Les élèves de 2ème année de Sciences Po Lille ont choisi le 30 novembre dernier leur nom de promo. A la suite d’un débat et d’un vote assez serré, c’est finalement Nina Simone qui a raflé la mise pour représenter la promotion 2021. Retour sur la vie de cette figure de la musique jazz et militante des droits civiques aux Etats-Unis.
Le prodige Nina Simone
Sixième enfant d’une fratrie de huit, Nina Simone, de son vrai nom Eunice Kathleen Waymon, née en 1933 dans la petite ville de Tryon (Caroline du Nord) aux Etats-Unis dans une famille de classe moyenne, religieuse, touchée par la crise de 1929. Dès 3 ans, elle commence à jouer du piano et elle se fait rapidement remarquer par la patronne blanche de sa mère, qui décide de la prendre sous son aile en finançant ses cours de piano et de chant. A 12 ans, elle achève son apprentissage du piano et part étudier dans un pensionnat spécialisé pour enfants noirs surdoués. Peu après, elle emménage à New-York afin de passer le concours du prestigieux Institut Curtis qui forme les meilleurs musiciens du pays. Elle n’y est cependant pas reçue, probablement en raison du fait qu’elle soit la seule noire à passer l’examen. Faute de moyens, elle prend un emploi chez un photographe et arrête sa carrière de chanteuse en devenir.
Plus tard, elle choisit le nom de scène de Nina Simone (issu de son admiration pour l’actrice Simone Signoret) pour chanter dans des cabarets afin de gagner sa vie. Ses activités lui vaudront de couper les ponts avec sa mère, qui considère ce qu’elle chante « la musique du diable ». C’est en 1955 qu’elle est réellement remarquée lors de ses performances dans les cabarets de Philadelphie par des agents, particulièrement par celui qui lui fait enregistrer son premier disque avec son titre phare, I love you Progy de Georges Gershwin. De retour à New-York, elle se produit dans les clubs branchés et racialement mixtes dans un style unique partagé entre le jazz, la pop, le classique et les chants africains.

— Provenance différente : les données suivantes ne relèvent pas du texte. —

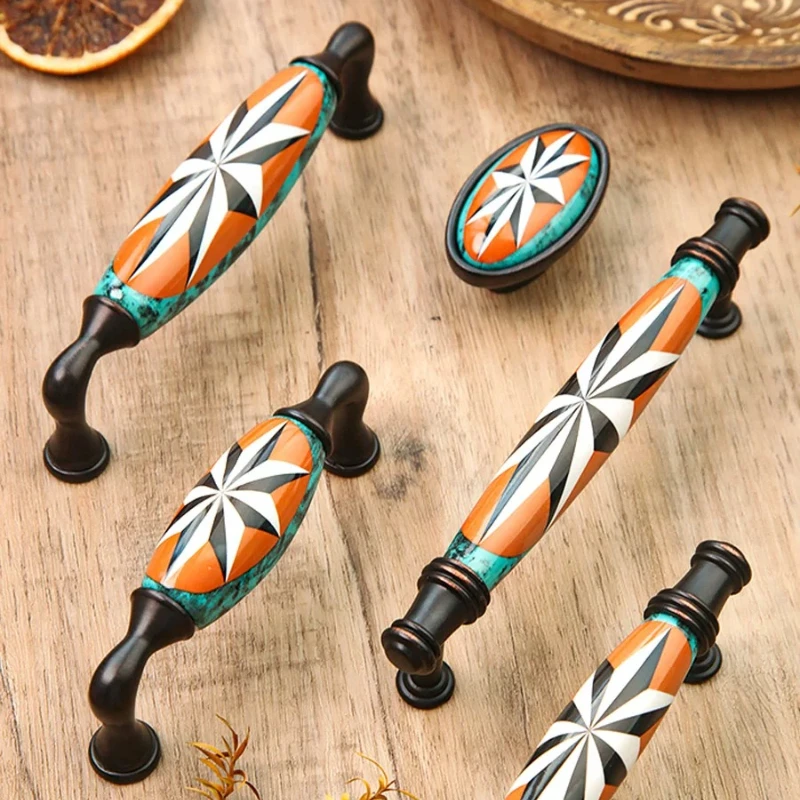 Blue Ceramic Cabinet Door Handles American Antique Style Furniture Drawer Pulls Kitchen Shoe Cabinet Knobs for Home Improvement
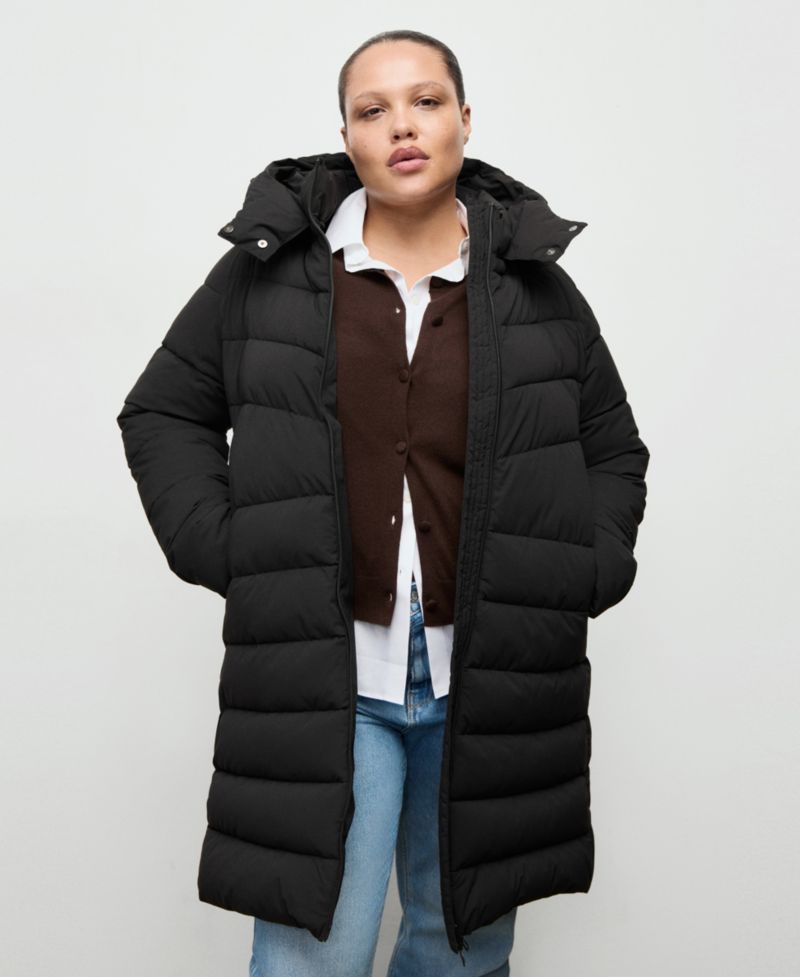 Women's Hood Midi Quilted Anorak Coat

Sa popularité naît véritablement aux Etats-Unis avec son album Little girl blue à partir de 1959 ; elle décide alors d’imposer sa volonté aux maisons de disques et de ne pas les laisser contrôler son style musical, attitude qu’elle conservera durant toute sa carrière. Elle commence progressivement à s’engager politiquement et à soutenir la lutte de Martin Luther King pour les droits civiques des noirs aux Etats-Unis.
Mais c’est avec son album de 1964 (Nina Simone in concerts) qu’elle bouleverse sa musique pour la transformer en engagement politique et social pour la lutte pour les droits des noirs, dénonçant les inégalités raciales et les attentats et assassinats contre les noirs dans ses morceaux, comme Mississipi Goddam ou Old Jim Crow. En public, elle prend désormais régulièrement la parole pour dénoncer les inégalités et revendiquer des droits civiques ; elle soutient la révolution par la violence des noirs, contrairement à Luther King, et lancera en 1969 cette cinglante phrase : « Vous êtes prêts à démolir le monde blanc, à incendier les bâtiments ? Vous êtes prêts ? Vous êtes prêts à construire un monde noir ? », signe de son indignation grandissante.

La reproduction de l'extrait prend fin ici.